In general, the results show that the mobility resources of an individual have higher impacts than the individual’s sociodemographic profile or the supply or city characteristics. Regarding sociodemographic variables, age has only very little influence, whilst being male is associated with a lower probability of falling in groups with higher shares of eco-friendly modes. Whereas in 2013 and 2015 belonging to the lower education group leads to lower probabilities of using more environmentally friendly modes, in 2017 this is inversed. The picture regarding the higher education group looks similar.

For carsharing membership, the odds-ratios show quite substantial numbers: 2.7 and 2.8 for the low and medium eco-group in 2017. Thus, being a carsharing member increases the probability to display sustainable mobility behavior. However, these effects are not statistically significant. Due to very few people being carsharing members in 2013 and 2015 (2013: 12, 2015: 22 people), data did not allow us to include the variable into the respective models. Consequently, although adding another transport mode to the choice set and, hence, increasing the multimodal travel behavior of people, being a carsharing member does not necessarily lead to a higher usage of public transport or active modes.
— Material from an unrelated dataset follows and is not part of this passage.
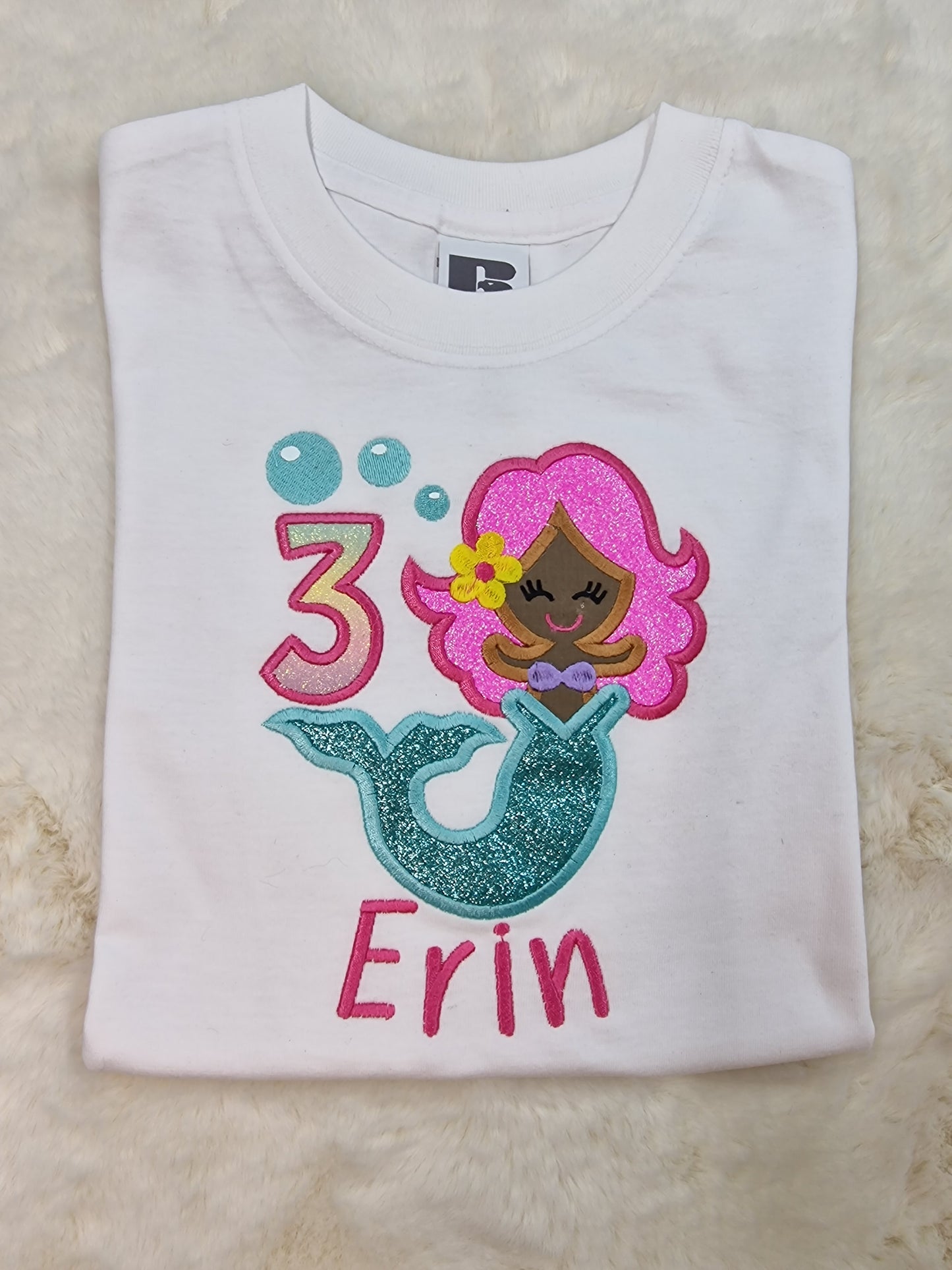 Brown Mermaid Birthday T-shirt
On the other hand, holding a driver’s license leads to lower probabilities to fall into classes with frequent usage of eco-friendly modes, the number of cars of the household regularly shows significant impacts. The more cars in the household, the less likely it is that the respondent shows high shares of eco-friendly modes.

The possession of a public transit season ticket is indeed the most significant and strongest predictor; it is significant for all groups in each year. Overall, its possession leads to higher probabilities to fall into a group with a higher share of eco-friendly modes. Yet, for 2013 and 2015 only to a certain extent, as the odds ratios are smaller for the highest category compared to the second highest. Owning a bicycle also leads to higher probability to display a behavior with a higher share of eco-friendly modes, which is mostly significant.

Supply density of carsharing per 1,000 inhabitants does not have major impacts on the probability of people using more eco-friendly modes. The odds-ratios differ between 0.8 and 2.3 and are significant for one group (low eco) in one year (2015) only. Higher supply densities with carsharing vehicles seem to have a rather negative impact on sustainable mobility behavior in 2013, while it is associated with higher probabilities of being in a group with high shares of eco-friendly modes in 2015 and 2017. The supply density considering the area of the city in km² was also tested and delivered no different result. Thus, we find that increasing the amount of vehicles, and hence the supply density, is not a sufficient measure to enhance the eco-friendliness of transport demand. It is hence also no measure to strengthen the demand for active modes or public transport as one could assume carsharing to play the role of the first-/last-mile connection. However, public transport stops in walkable distance increase the probability of using eco-friendly transport modes frequently.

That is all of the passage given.